Composer and self-confessed "film nerd" Leon Radojkovic told Newshub the thrill of creating the show comes down to looking at the everyday objects around him in a different light. 

"There's a lot of fun experimentation. Often I have an idea of what I think will work. Sometimes that's right, sometimes that's wrong. What I'm always trying to look for is something that makes the correct sound but isn't the correct object, you know? For example, what can an eggbeater be? We've got an eggbeater and in this, it has multi-functions - it's a character handling a shotgun, it's a petrol pump," he laughed. 

While it's not the first time Silo Theatre has attempted this live cinema outing, having done it with the likes of Little Shop of Horrors and Carnival of Souls, Radojkovic said diving into the horror genre has provided a set of unique challenges - and some cunning solutions. 

"Probably the most fun with this is figuring out gore effects, you know, like punching effects, intestines getting ripped out of characters, things like that, which we've never done before. And that's been really a blast." 

George Romero's movie Night of the Living Dead celebrated its 55th anniversary in October, with the seminal film - which sees seven people trapped in a farmhouse and under siege from the undead - being hailed as kickstarting the zombie genre. 

As far as Radojkovic was concerned, it was an obvious choice - and what it offered for a live experience was too delicious to refuse, thanks to parallels with today's society. 

The live show runs till November 12.
The live show runs till November 12. Photo credit: Supplied - Andi Crown

"We've never done a horror before. We've never done a film with a lot of action. So that's also a fun thing to add to the mix. I think it's a really great work and I think a lot of the themes that it deals with around paranoia, mistrust, fear of the other, the inability to work together to solve external threats.  

"Obviously there's other things around hierarchy and gender hierarchy and generational hierarchy and them looming large, but never actually spoken in the film - racial hierarchies. I think all of these things are still really relevant today, sadly." 

Previous live cinema outings have seen a multitude of actors performing the mix of dialogue, sound effects and action. But Radojkovic told Newshub this latest has seen them strip it back to basics. 

"We were sort of inventing the format for ourselves as we went along, so it was daunting. With this production, a fourth one, we've really turned it into an almost performance challenge in that we've only got two performers, where in the past we had up to I think about 15. 

"So, the first two shows we had a live band with about seven or eight people, including myself.

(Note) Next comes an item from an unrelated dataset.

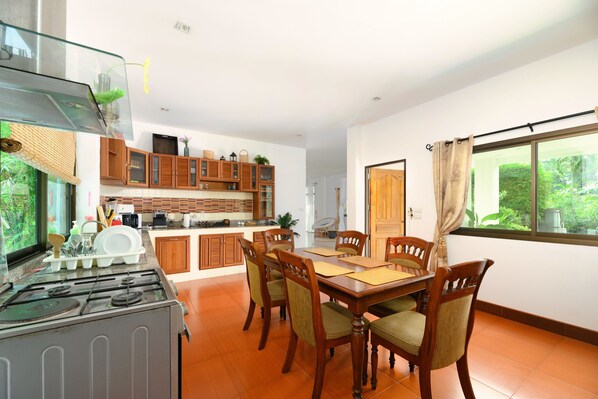 Microwave, oven, stovetop, dishwasher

We had a dedicated foley artist in a soundproof booth, so he's doing all the sound effects from like, you know, banal stuff like picking up cups of tea through to the sound of a violent axe murder. Then we had four actors all performing the dialogue live, whereas in this production we only had two people doing all of those things." 

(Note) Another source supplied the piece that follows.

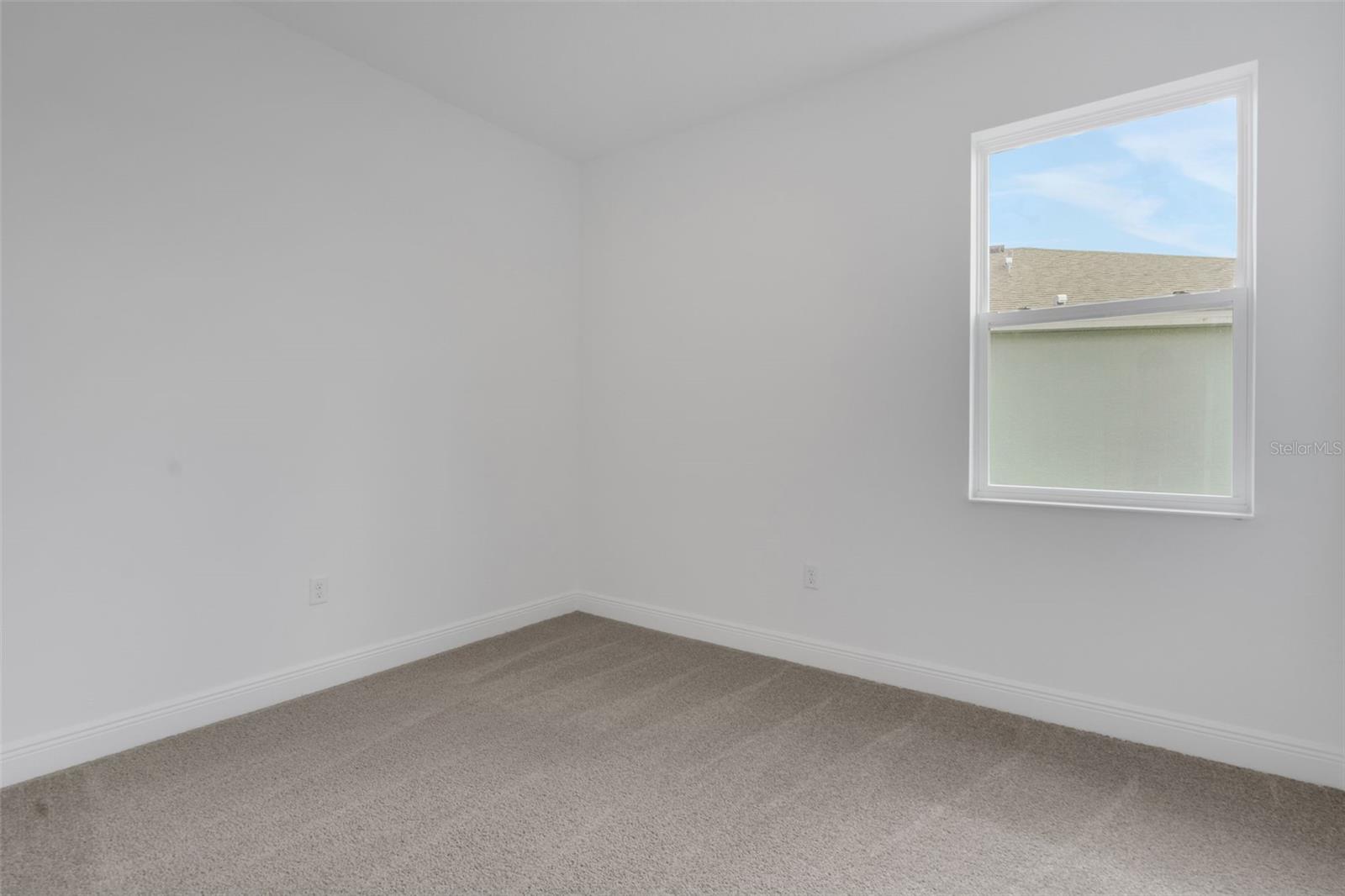 RESERVES AT HAMMOCK OAKS - Residential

The execution of the live cinema experience harks back to days of radio plays, where productions would show off their inventiveness in creating an aural experience to engage listeners who only had transistor radios to keep them entertained. 

Just two performers will do all the dialogue and sound effects.
Just two performers will do all the dialogue and sound effects. Photo credit: Supplied - Andi Crown

This simpler past is something Radojkovic lamented as his time with Newshub drew to a close. 

"I feel like a lot of sound design these days in cinema is more about buying pre-recorded sampled sounds and just inserting them. There is a sameness to a lot of the kind of audio worlds that you will hear, particularly if you're thinking in terms of Hollywood films. They don't necessarily have a lot of their own character. Something has been lost in that organic making process which doesn't quite deliver something wonderful and intangible." 

Radojkovic said he hoped this run at Auckland's iconic Hollywood Theatre could inspire a new generation of creative minds. 

"I almost think that a lot of art could benefit from looking backwards a little bit more. I think across art in general, we have perhaps lost some of our history - unfortunately to our own detriment." 

Silo Theatre's Live Cinema - Night of the Living Dead continues in Auckland until November 12.